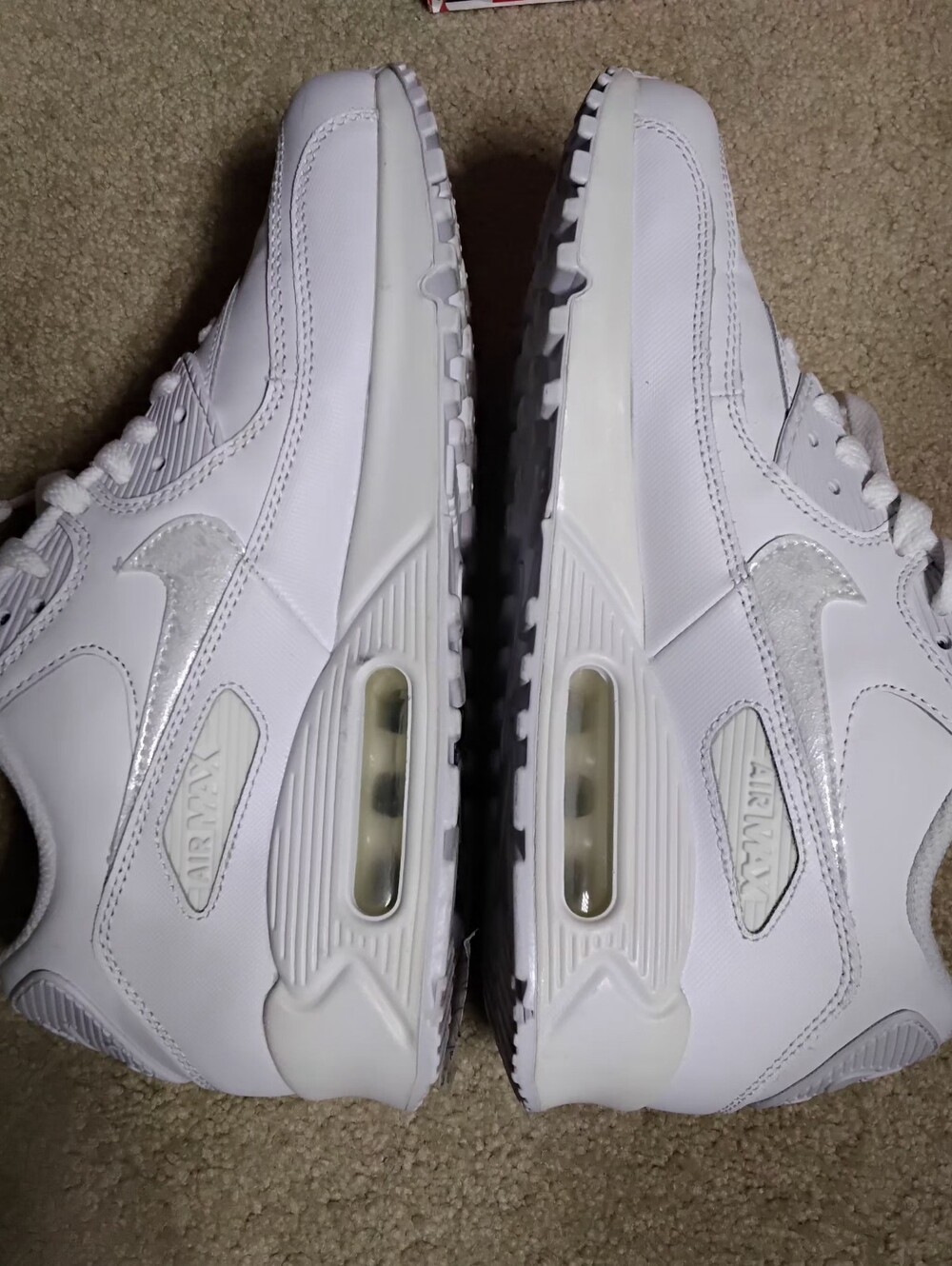 Nike Air Max 90 Leather, White, Women's Size 8.5 / Kids Size 7 - Picture 6 of 11
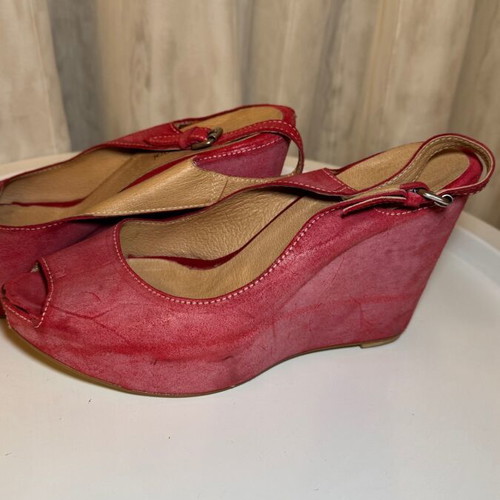 Women's platform shoes size 41 pink leather used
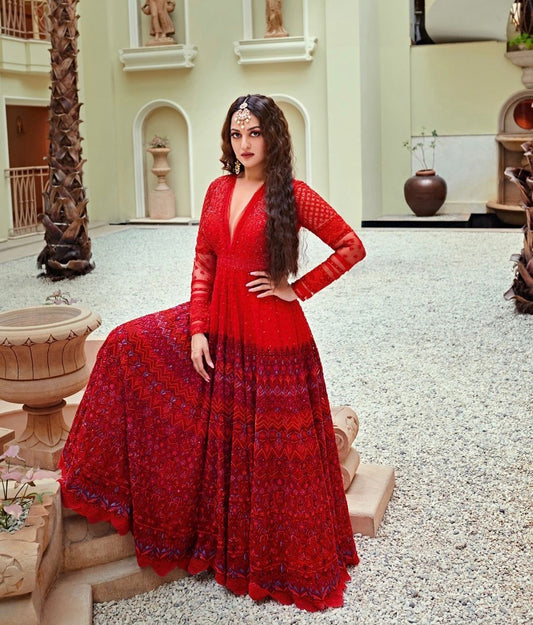 Exclusive Trendy Look Red color Gown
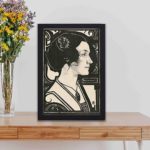 Vintage art print featuring a Portrait of an Unknown Woman by Richard Roland Holst,kept on a table with black frame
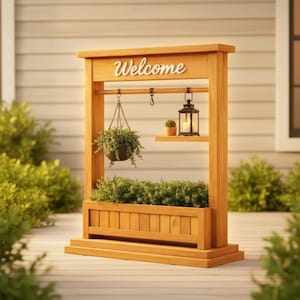 May include: A wooden welcome sign with a planter box at the base. The sign has a hanging basket with greenery, a small shelf with a potted plant and a lantern. The word "Welcome" is displayed across the top.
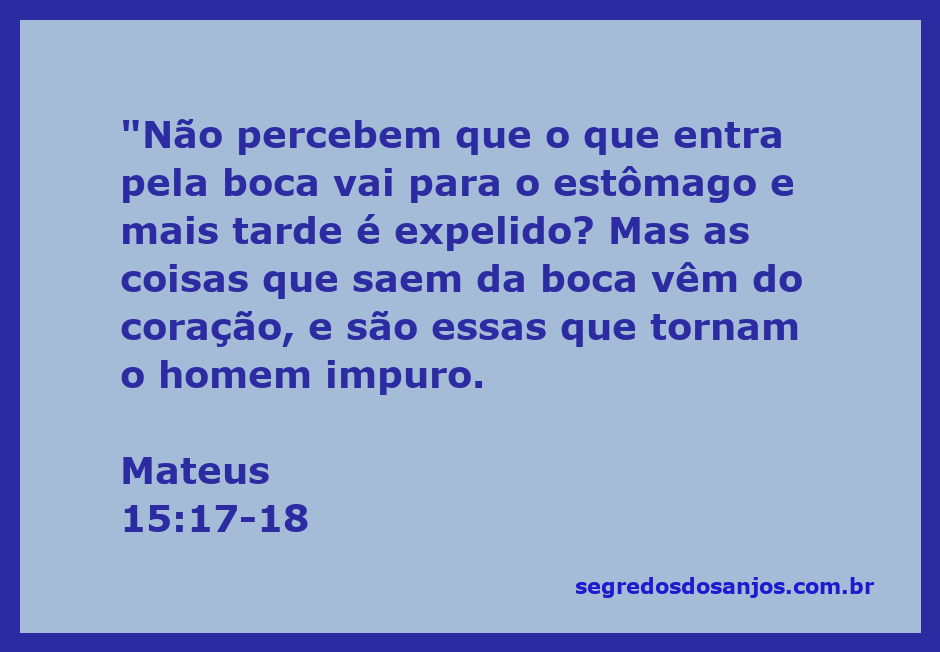 Ilustração de Mateus 15:17-18, destacando a importância das palavras e do coração sobre a comida.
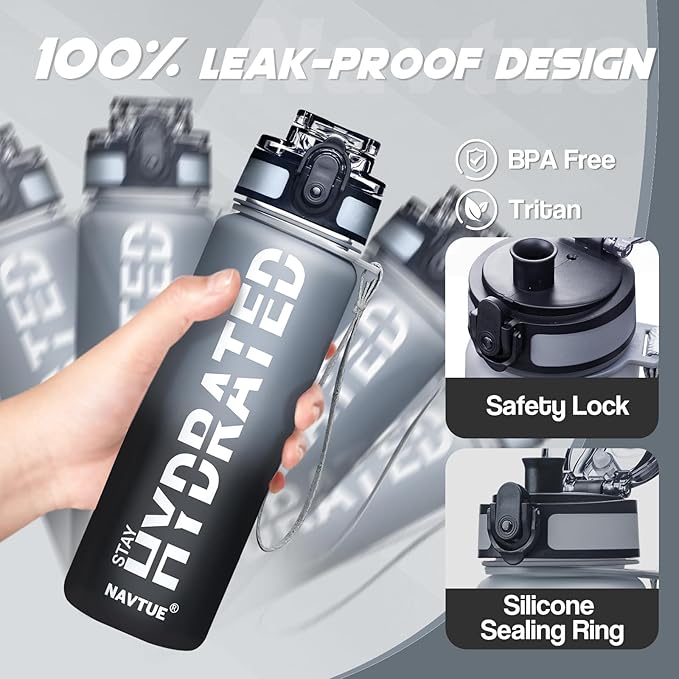 Water Bottle, 32oz Sports Water Bottles with Time Marker Wide Mouth, Motivational and Leakproof Drink Bottle, BPA Free Tritan with Carry Strap for Gym Fitness Outdoor (Direct Drink 1 Bottle)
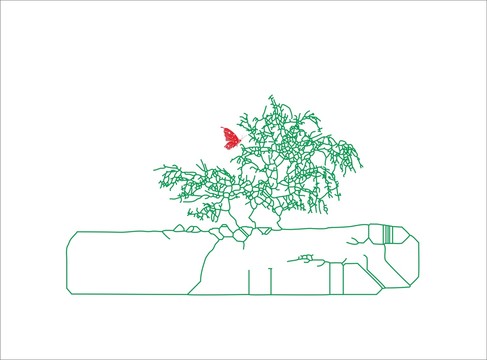 矢量線條灌木石頭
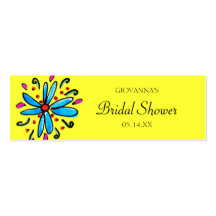 Blue and Yellow Floral Gift Tags Business Card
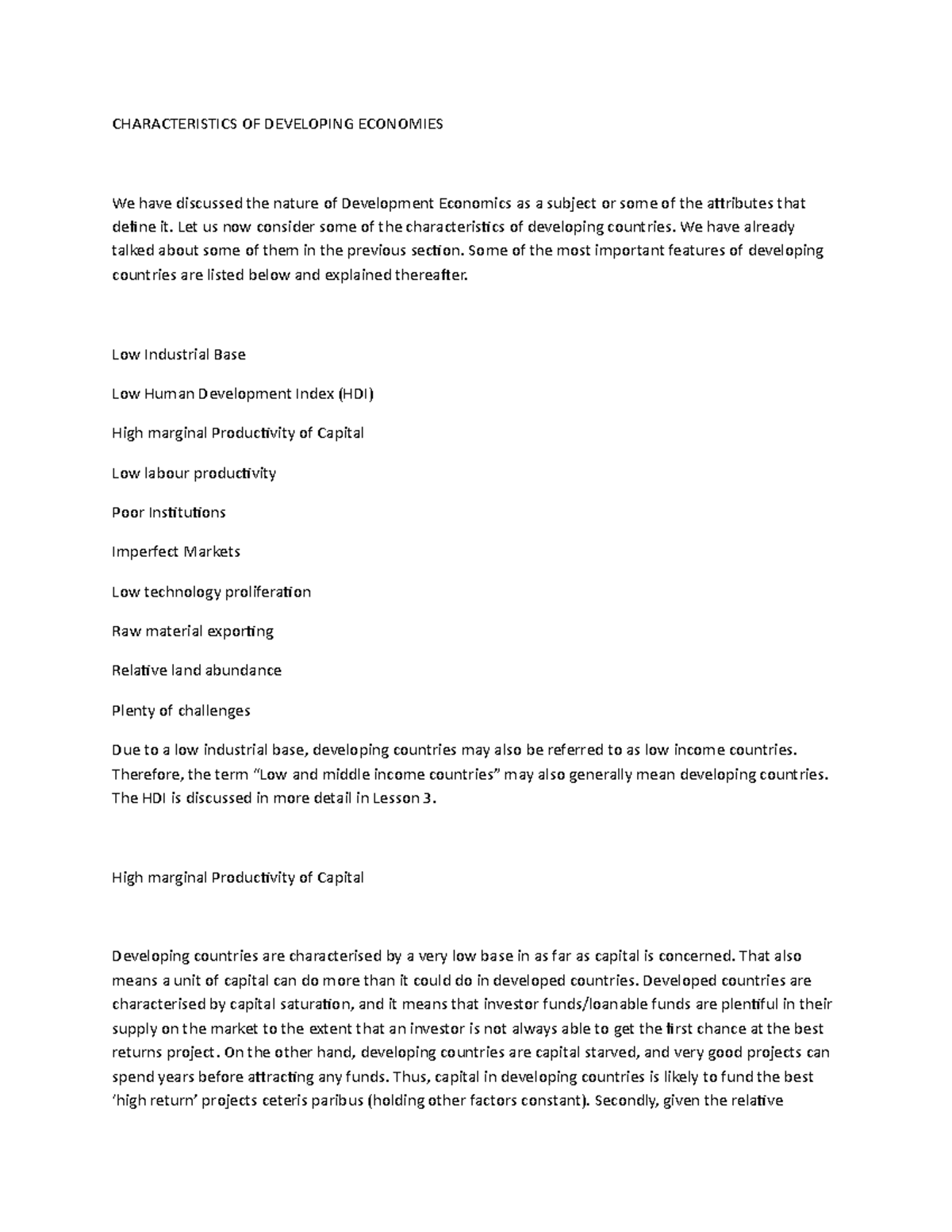 Characteristics OF Developing Economies - CHARACTERISTICS OF DEVELOPING ...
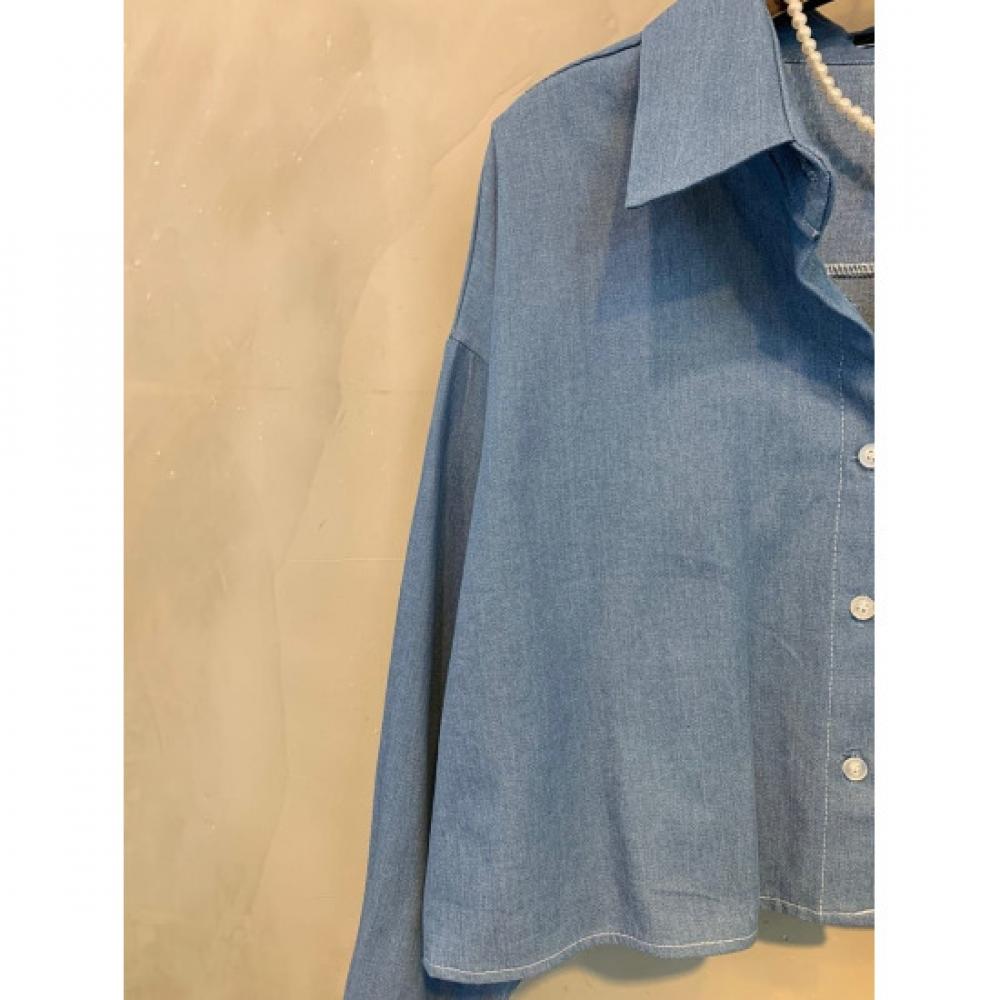 C S In The Room Men CodIng poCket Crop Denim Shirt 2Color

## AIM OF THE TASK:
In the data above, please extract the lines from the first one through the line with "Vintage art print", exactly, and keep pictures out.

## ANSWER BELOW:
 Nike Air Max 90 Leather, White, Women's Size 8.5 / Kids Size 7 - Picture 6 of 11
 Women's platform shoes size 41 pink leather used
 Exclusive Trendy Look Red color Gown
 Vintage art print featuring a Portrait of an Unknown Woman by Richard Roland Holst,kept on a table with black frame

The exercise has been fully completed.